From it’s 2009 annual report:
“This year, the Trustees have supported 1518 appeals out of a total of 3513 applications, which is a slight increase over last year. While the annual income has remained at a similar level to last year (around £38.5 million) the total cash donations of £37.6 million are lower than last year £41.1 million. This, however, is a reflection of the need for the Trustees’ to be prudent in order to bring their reserves up to a more conservative level following the substantial commitment to Oxford University of £25 million last year towards the development of the Bodleian Library. The figure of £37.6 million includes the second tranche of
£10 million of this grant and the Trustees are committed to pay the final £5 million next year. The Trustees have also been mindful of the possibility of requests for urgent funding being made by charities which have had their funding from other sources cut due to the difficult economic conditions and wished to maintain some temporary reserves to cover such eventuality.”

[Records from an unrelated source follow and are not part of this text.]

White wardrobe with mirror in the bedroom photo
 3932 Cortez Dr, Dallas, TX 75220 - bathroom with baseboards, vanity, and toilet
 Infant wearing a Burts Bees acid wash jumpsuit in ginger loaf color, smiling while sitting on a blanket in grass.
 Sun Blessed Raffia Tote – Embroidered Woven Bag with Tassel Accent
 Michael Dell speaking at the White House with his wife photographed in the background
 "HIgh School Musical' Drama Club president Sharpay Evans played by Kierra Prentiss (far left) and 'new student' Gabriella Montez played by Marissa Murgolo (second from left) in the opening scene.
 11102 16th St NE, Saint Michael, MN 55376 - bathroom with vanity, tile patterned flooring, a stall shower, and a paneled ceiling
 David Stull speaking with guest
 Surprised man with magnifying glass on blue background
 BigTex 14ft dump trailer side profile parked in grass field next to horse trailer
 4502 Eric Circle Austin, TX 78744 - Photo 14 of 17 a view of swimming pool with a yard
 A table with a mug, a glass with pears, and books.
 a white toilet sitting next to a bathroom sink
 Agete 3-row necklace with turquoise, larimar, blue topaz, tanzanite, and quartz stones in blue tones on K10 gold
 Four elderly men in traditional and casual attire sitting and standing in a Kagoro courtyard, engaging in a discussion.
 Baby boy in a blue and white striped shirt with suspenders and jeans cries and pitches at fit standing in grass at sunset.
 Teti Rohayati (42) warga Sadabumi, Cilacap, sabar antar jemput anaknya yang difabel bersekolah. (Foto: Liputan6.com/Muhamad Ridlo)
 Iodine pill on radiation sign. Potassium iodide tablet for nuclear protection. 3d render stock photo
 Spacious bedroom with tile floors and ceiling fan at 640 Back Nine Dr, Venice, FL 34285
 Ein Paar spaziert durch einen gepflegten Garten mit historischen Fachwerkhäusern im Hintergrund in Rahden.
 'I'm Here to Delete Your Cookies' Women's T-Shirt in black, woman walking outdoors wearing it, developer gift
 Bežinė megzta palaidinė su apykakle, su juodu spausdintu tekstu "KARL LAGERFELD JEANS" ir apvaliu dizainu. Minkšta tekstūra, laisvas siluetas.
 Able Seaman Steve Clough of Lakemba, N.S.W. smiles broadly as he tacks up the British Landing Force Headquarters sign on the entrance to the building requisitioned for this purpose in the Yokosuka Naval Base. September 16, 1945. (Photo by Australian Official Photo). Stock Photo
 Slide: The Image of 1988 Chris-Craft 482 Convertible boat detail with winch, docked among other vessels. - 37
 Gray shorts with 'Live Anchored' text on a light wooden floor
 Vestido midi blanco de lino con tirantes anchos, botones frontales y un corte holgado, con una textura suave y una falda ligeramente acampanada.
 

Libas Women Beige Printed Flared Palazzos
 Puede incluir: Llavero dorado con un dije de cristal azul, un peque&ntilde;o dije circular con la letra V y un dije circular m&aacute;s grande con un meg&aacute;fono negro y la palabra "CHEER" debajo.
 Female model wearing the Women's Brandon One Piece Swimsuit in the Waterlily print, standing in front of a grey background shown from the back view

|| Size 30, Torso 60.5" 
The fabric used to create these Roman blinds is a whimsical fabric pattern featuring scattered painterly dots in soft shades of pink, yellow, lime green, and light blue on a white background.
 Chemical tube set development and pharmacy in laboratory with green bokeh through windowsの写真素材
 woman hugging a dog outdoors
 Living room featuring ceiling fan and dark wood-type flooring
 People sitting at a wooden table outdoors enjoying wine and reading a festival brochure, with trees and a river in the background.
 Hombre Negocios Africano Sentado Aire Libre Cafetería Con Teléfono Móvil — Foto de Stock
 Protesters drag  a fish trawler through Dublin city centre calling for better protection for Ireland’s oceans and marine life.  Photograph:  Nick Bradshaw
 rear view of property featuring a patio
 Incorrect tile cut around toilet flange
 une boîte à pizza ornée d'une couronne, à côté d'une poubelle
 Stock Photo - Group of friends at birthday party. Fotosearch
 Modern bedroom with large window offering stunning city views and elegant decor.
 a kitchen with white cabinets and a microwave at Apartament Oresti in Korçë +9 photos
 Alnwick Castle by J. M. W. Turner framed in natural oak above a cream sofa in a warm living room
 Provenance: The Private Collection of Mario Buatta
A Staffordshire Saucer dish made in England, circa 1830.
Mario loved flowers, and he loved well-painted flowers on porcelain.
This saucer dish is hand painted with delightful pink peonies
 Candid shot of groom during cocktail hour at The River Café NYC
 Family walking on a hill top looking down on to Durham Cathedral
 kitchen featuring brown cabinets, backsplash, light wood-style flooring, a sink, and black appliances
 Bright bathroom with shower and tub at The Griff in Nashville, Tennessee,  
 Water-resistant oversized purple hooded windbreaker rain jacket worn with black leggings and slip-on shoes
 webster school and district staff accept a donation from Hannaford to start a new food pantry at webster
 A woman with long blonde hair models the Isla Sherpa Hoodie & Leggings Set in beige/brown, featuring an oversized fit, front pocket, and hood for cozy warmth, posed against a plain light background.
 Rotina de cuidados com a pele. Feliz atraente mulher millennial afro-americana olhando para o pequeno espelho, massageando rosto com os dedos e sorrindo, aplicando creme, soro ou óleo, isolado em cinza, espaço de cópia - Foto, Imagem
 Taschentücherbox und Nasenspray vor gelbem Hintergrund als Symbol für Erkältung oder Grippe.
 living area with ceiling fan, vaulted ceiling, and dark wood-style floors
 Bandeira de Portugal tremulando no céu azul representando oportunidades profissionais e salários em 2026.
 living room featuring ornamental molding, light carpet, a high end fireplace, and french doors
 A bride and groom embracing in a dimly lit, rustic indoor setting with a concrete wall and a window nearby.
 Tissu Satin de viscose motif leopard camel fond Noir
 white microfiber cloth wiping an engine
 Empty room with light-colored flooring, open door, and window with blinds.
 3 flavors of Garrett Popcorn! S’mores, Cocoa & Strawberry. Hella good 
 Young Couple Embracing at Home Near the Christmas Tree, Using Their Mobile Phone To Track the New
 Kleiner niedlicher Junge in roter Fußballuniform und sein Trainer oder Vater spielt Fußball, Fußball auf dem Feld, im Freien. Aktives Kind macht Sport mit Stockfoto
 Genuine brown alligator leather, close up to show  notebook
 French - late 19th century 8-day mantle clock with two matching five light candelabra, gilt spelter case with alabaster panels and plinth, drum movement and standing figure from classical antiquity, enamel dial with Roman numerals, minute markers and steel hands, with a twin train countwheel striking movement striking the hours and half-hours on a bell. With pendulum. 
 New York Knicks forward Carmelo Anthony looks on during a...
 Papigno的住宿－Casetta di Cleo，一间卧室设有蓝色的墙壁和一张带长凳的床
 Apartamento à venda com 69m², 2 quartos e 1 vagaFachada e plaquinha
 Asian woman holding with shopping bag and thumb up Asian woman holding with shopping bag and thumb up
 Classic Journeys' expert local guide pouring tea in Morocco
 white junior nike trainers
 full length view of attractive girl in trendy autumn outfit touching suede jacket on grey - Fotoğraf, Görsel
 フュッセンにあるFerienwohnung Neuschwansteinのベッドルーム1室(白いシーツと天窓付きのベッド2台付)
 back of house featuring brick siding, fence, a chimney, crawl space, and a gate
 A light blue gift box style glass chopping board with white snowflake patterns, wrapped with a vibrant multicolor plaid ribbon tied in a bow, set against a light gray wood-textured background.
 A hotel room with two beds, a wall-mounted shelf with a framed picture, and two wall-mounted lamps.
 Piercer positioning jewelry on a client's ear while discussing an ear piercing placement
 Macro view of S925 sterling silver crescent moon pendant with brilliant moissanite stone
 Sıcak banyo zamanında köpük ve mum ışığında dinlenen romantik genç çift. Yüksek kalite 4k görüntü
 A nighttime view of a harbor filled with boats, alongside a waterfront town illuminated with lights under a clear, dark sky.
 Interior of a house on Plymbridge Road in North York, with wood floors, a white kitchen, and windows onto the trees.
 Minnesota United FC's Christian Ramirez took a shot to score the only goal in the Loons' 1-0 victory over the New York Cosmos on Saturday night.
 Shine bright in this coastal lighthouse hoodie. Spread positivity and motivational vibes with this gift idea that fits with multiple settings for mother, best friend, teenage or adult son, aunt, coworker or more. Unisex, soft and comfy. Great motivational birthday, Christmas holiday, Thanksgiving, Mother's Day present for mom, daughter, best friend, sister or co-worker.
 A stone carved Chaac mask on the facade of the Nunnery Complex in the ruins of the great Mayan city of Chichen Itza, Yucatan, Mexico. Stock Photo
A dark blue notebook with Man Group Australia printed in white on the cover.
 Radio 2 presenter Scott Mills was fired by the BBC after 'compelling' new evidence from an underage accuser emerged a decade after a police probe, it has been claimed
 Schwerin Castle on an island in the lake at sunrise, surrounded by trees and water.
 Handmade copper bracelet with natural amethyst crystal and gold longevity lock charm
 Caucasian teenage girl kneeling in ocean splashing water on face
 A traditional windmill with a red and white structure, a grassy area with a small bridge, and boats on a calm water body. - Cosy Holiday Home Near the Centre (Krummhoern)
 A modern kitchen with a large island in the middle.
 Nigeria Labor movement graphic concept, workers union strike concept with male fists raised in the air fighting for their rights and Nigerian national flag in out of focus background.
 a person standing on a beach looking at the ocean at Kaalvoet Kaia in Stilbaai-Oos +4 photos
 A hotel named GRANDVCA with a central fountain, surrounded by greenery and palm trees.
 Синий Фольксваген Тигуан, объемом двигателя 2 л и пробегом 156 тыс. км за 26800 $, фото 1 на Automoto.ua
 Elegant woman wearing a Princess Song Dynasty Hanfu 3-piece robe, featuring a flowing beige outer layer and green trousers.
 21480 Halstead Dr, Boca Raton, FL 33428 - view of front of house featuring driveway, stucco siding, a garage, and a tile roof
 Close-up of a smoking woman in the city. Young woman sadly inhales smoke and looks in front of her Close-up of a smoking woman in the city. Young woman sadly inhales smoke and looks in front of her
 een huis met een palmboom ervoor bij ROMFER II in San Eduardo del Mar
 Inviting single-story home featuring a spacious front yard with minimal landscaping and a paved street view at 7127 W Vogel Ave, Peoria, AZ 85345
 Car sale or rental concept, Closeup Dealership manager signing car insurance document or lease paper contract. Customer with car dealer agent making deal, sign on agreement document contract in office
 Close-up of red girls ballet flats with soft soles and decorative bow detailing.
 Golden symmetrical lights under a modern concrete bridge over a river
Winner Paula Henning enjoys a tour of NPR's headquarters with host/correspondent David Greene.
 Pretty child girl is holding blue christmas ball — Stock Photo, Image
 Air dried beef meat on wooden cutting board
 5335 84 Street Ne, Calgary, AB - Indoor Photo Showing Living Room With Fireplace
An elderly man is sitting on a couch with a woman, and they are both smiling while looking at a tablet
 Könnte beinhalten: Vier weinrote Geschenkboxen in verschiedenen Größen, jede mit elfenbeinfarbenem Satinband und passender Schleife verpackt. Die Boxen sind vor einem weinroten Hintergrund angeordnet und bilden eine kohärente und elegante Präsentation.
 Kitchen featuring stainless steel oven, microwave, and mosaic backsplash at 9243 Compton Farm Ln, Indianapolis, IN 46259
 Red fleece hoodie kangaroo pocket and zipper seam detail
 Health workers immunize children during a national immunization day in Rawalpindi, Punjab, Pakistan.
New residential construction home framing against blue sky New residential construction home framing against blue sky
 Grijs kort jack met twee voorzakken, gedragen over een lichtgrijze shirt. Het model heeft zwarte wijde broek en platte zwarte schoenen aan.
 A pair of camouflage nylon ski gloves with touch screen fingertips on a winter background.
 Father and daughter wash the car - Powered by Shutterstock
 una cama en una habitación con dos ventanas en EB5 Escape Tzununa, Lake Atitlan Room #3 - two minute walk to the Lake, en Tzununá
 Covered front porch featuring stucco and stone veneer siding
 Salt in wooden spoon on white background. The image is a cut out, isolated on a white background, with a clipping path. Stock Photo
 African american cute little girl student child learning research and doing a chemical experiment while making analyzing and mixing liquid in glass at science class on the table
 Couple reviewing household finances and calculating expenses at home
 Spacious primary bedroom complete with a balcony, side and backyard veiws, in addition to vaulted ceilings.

Additionally, F&M’s managing director, Beverly Aspinall, joined from that other great corporate evil, (sarcasm, by the way) the John Lewis Partnership, where she’d been for 24 years.
So, the demonstrators chose to attack a company with a female MD that has just funded one of Britain’s top libraries, that donated £37.6m to good causes in 2009 alone, and is building up reserves to help charities hit by the spending cuts.
Many have suggested the motives of many in the current protests is nothing to do with politics and everything to do with prejudice. Today, we saw conclusive proof.
UPDATE: UK Uncut have issued a press release, on the occupation. It’s quite remarkable. Here’s the link to the action:
F&M is owned by Whittington Investments. Whittington also owns a 54% share of Associated British Foods. They allege ABF have dodged over £40 million in tax.
So - hang on - Fortnum and Mason hasn’t actually done anything wrong? Nor has its parent company. ABF has. And the only link is that the two companies have mutual shareholders. But they’re occupying F&M. Indeed, the headline reads “UK Uncut occupy tax dodgers Fortnum and Mason.” - then goes on to describe how they are not.
One ABF owned business is Primark. So, why not occupy Primark? Thankfully, the release includes a quote from Sally Mason, a Uk Uncut supporter from Manchester who is currently occupying Fortnum & Mason. Her quote is quite illuminating, for it includes the line: “Fortnum & Mason is a symbol of wealth and greed. It is where the Royal Family and the super-rich do their weekly shop.”
Yes, they do make expensive things. Including a ‘Royal blend’ tea. Then again, prices of that start at £1.50 - hardly super rich territory.